Mike is recovering from a debilitating illness, his recovery confines him to his house. Fortunately, he has his old terrier Sammy for company, but still, it’s pretty boring with nothing but time on his hands, Sammy is bored too. One day Mike’s daughter is visiting with his 2-year-old granddaughter, and they leave behind a plastic stacking rings toy. Mike sees Sammy running around with one of the rings in his mouth playing, and that gives Mike an idea. What if he could train Sammy to put the colorful plastic rings on the toy post, in order from largest to smallest? It would be something to do and think of how delighted Mike’s granddaughter will be when she next comes to visit and sees Sammy has mastered her toy game!

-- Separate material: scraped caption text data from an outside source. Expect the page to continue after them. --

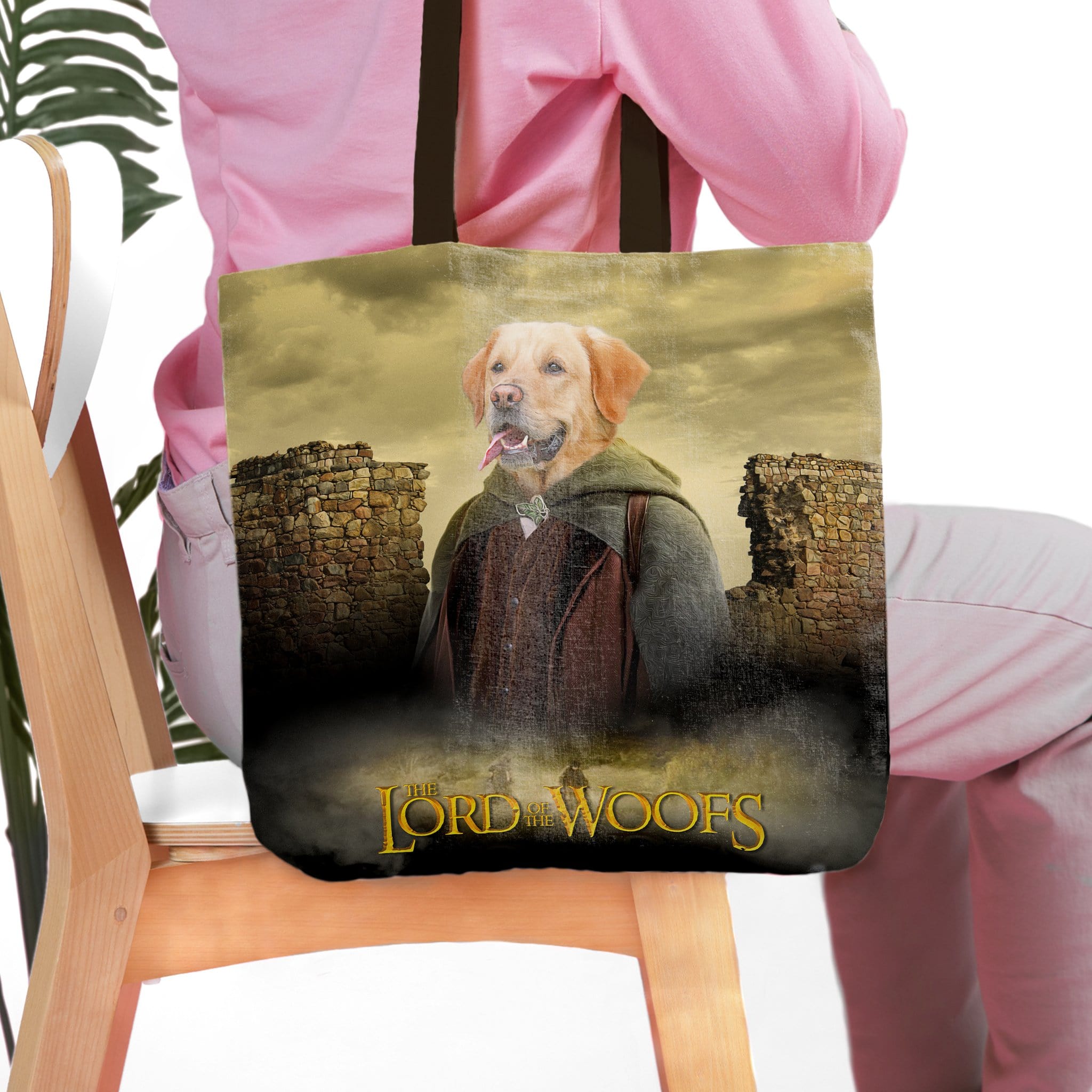 Personalized "Lord of the Woofs" tote bag with a custom dog portrait in a fantasy setting.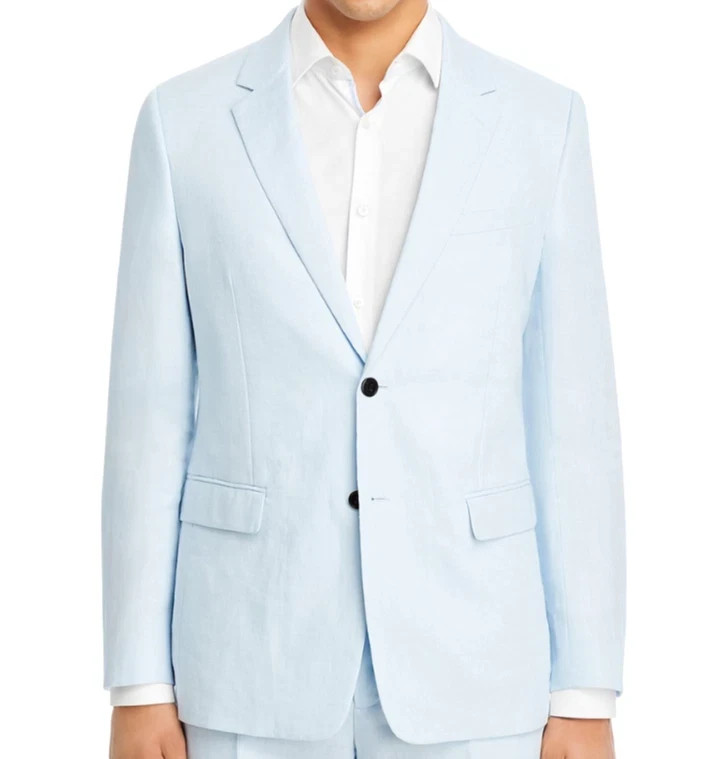 THEORY Chambers Sport Coat Fog Blue All Seasons Linen Blazer 38 S (EU 48)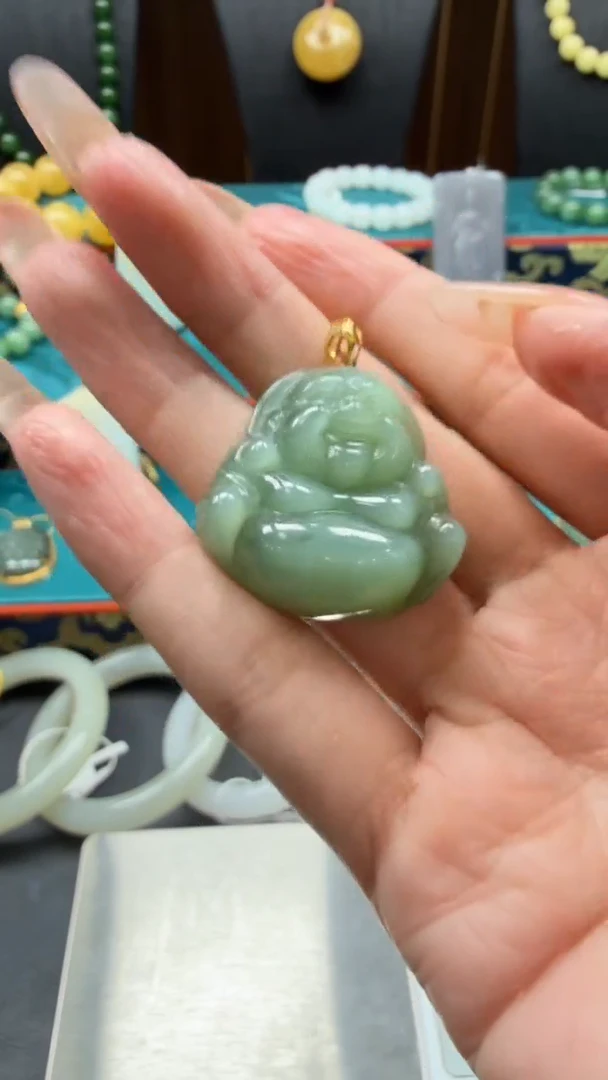 颈饰18K金镶嵌和田玉ge24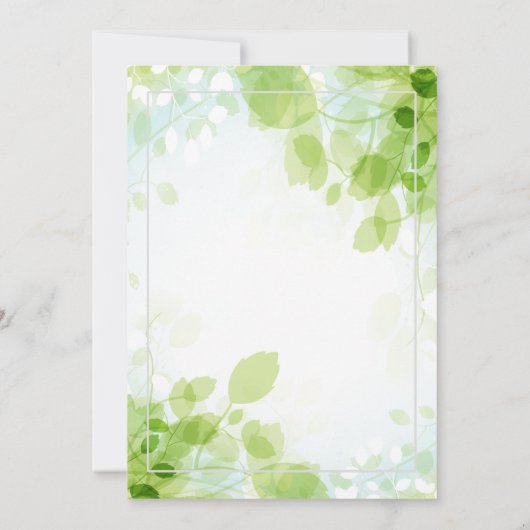 Blätter Frühjahr Einladung (Rückseite)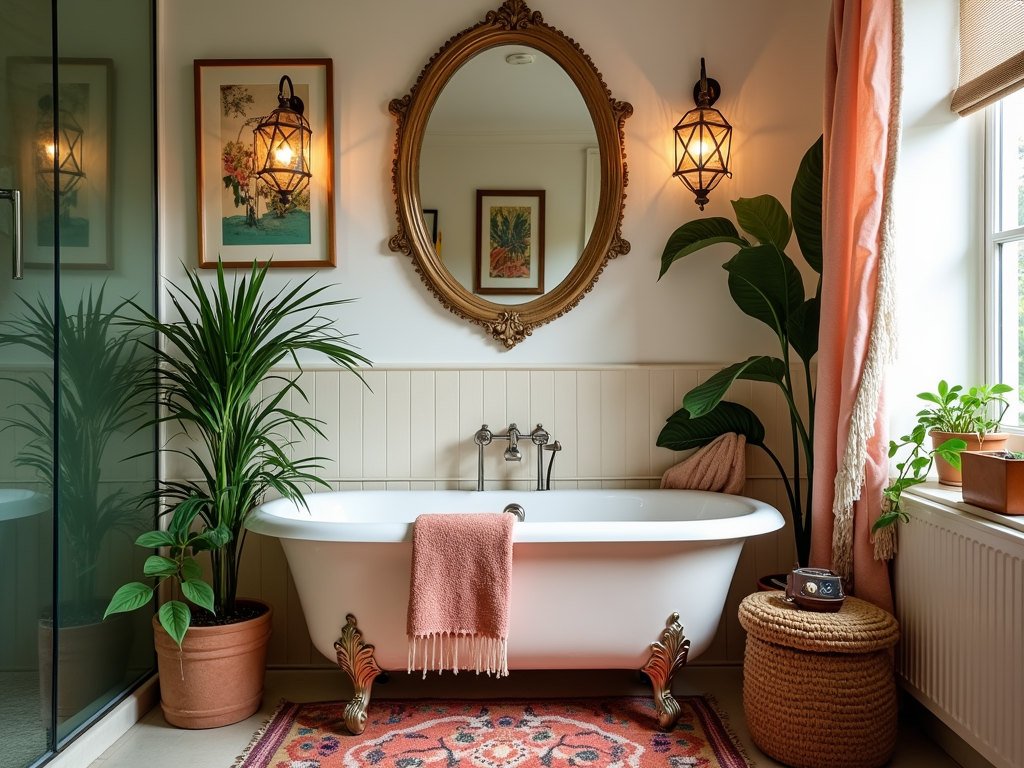 Chic Bohemian Parisian Vibes for Small Bathrooms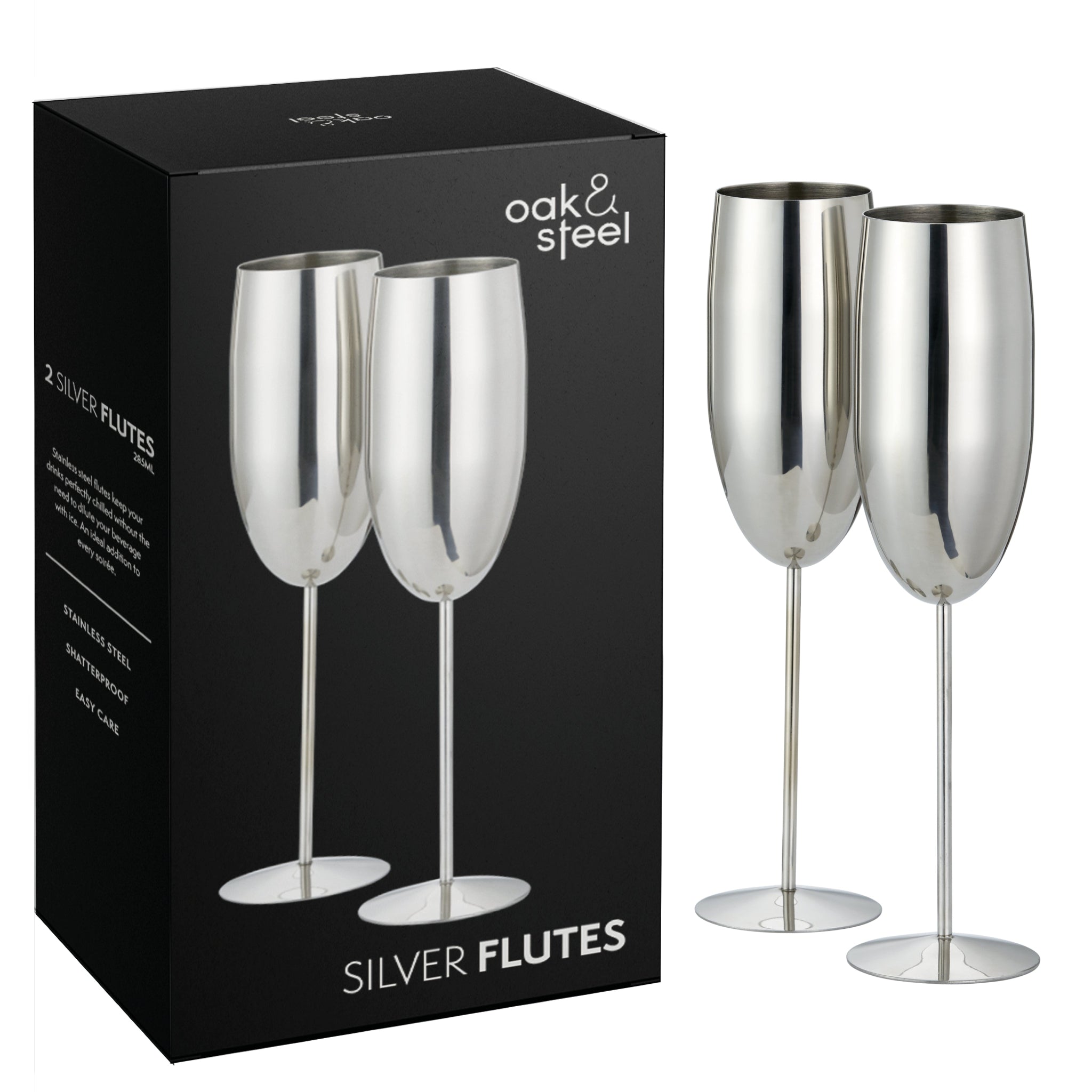 Silver Champagne Flutes 2 Pack - Champagne Flutes Silver 2 Pack Sterling Home 1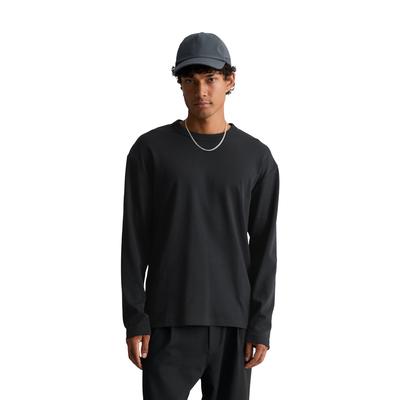 Langarmshirt MARC O'POLO DENIM "aus Bio-Baumwolle", Herren, Gr. S, schwarz, Obermaterial: 100% Baumwolle, unifarben, Basic, relaxed fit, Rundhals, normaler Saum, Shirts Langarmshirt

This is not an easy trick for a dog to learn and will take a significant amount of time to teach a dog. An older dog that has a lower energy level may not be particularly motivated to learn the trick, so getting an older dog engaged with the use of food, treats, and a clicker will be necessary. The good news is, that while stacking rings can be mentally challenging, it is not particularly physically challenging, so even an older dog with a health issue is capable of doing it. In fact, it is a great activity for an older dog with physical limitations as it engages his mind, gives him a sense of accomplishment, and a task to be successful at when other previously learned tasks may not be realistic for an older dog. Working in multiple short sessions and keeping energy level and interest in your older dog high will be key to success.
A dog can be taught to stack a series of rings on a pole. Usually, a children’s plastic toy is used consisting or a plastic pole on a stand that accommodates a series of progressively smaller, brightly colored rings that must be placed in order on the pole for all the rings to fit. Using color as a guide for your dog to differentiate rings may not be useful, as dogs do not have accurate color discernment. Your dog will need to be taught to distinguish rings and order based on size. A makeshift ring game can be made with a paper towel tube and homemade rings.
Your dog will need to pick up rings in his mouth, in order if necessary, and carry them to the stacking pole. The dog will then need to center the hole of the ring over the stacking pole and release each ring so that it falls over the pole and comes to rest. This trick is fairly complex, involving several tasks and your dog will need to learn that ring size and order are important to complete. It will take significant time and energy on your part and your dog's to learn. An older dog may need motivation to stay on task. While a puppy may get excited and treat this as play, an older dog may be more interested in working for a tangible reward, such as a food treat. The good news is that this trick is not physically demanding and even an older dog should be capable of performing it. Also, an older dog may have more patience and focus than a younger dog, which may give him an advantage.
You will need lots of time and treats to teach this trick. It is a fairly complex series of behaviors and will need to be broken down into several steps that can be sequenced in order to successfully complete. Be prepared to spend many sessions accomplishing this trick. You can use a children's plastic ring stacking toy, or make your own with wood or a paper towel tube and improvised rings. Have fun!